Last year, I got to meet some of the brilliant students at the Skoll Centre and shared some of what I have learned over the past two decades about partnerships for systems and social change.
What connects ending child marriage with new ways to detect multi-drug resistant tuberculosis and technology innovations in HIV management? They all represent breakthroughs in systems and social change that would have never been possible without robust partnerships. They also represent quite different approaches – from a loosely knit civil society partnership bringing together 1,000+ organisations globally to much more structured entities with commercial, public and non-profit partners. Yet, there are some common overarching lessons that have continued to emerge and crystalise for me over the years from these diverse experiences. Here are some of them.
Lesson 1: the ‘how’ of partnerships is as important as the ‘what’
Changing systems or social norms is complex: it can’t be done by a single activist or organisation, no matter how passionate and knowledgeable. Catalysing and sustaining this type of change is always going to require individuals and groups with different competencies to work together. There is a humility implicit in the decision to work in partnership – by coming together, groups acknowledge that they need one another to achieve their goals.
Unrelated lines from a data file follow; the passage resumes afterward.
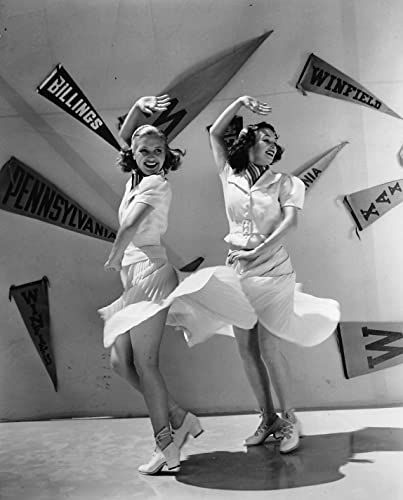 「大学祭り」プリシラ・レイン & ローズメリー・レーンの画像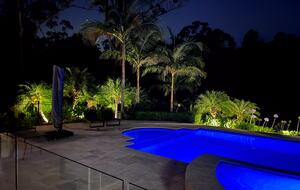 Oakwood Escape | Spa, Style & Serenity - Matcham, Australia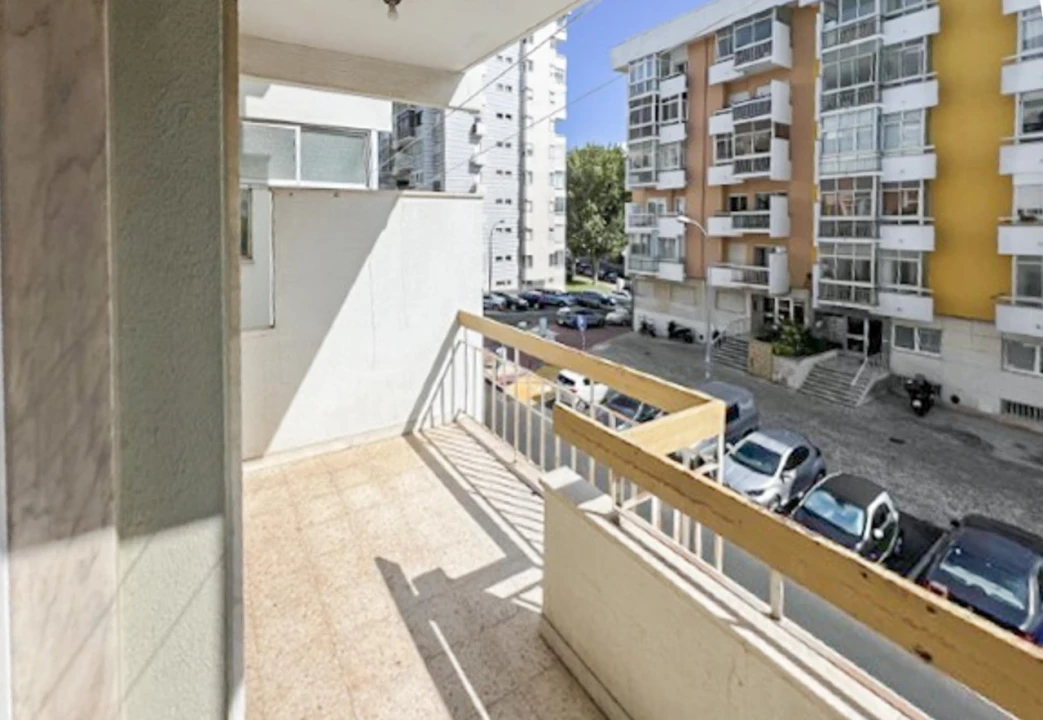 Apartamento T2 para Venda em Oeiras e São Julião da Barra, Paço de Arcos e Caxias Foto 1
However, this humility is often forgotten once people get lost in the weeds of the partnership’s work. That’s one reason why it is so important to invest the time and energy to set up structures that are fit-for-purpose, build trust between partners and co-define the values and goals of a partnership. And, given the complexity of systems and social change, it is also critical to routinely revisit these as the partnership matures.
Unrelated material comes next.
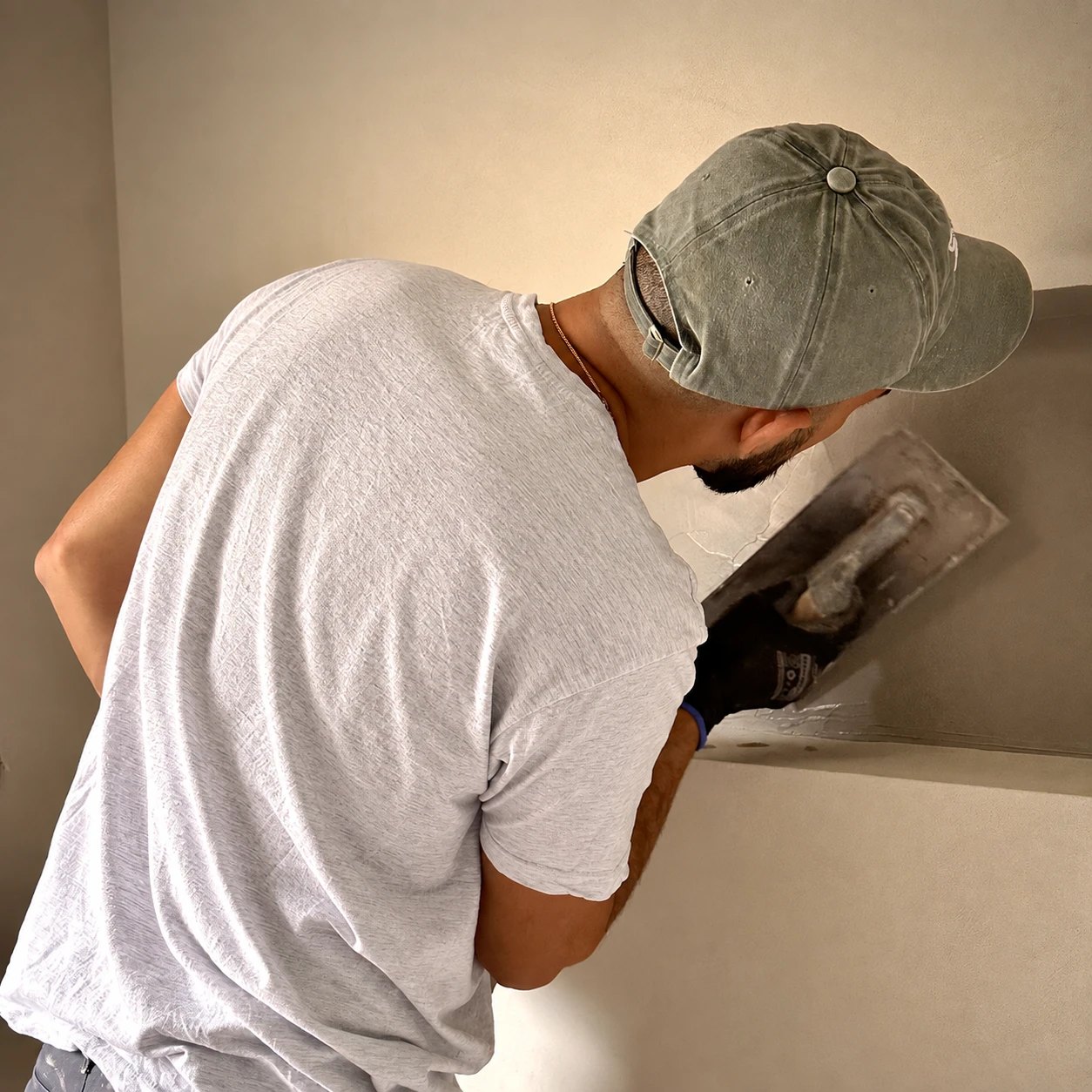 Craftsman applying microcement to a wall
Lesson 2: define the full problem...and the breadth of the solution
This sounds so obvious: you need to fully understand the problem you are trying to tackle and identify the different elements that are needed to solve it. But I have been in too many situations where well-meaning people look at problems from the outside and make snap judgments about what needs to change. We all love silver bullets, but these are rarely applicable when we are talking about social change and where whole systems need to shift and evolve. This is one reason why the people most affected by the problem have to be at the centre of the partnership: they are the ones with the deepest understanding of what is wrong with the status quo and what transformation is needed.
Effective partnerships also require a clear, common understanding of the change they want to see in the world, and a sense of what it will take to get there. At Girls Not Brides, this meant developing a joint theory of change for the field, where activists tackling a range of different issues – from working with religious leaders to challenging legal frameworks – could see how their work was contributing to changing the whole system.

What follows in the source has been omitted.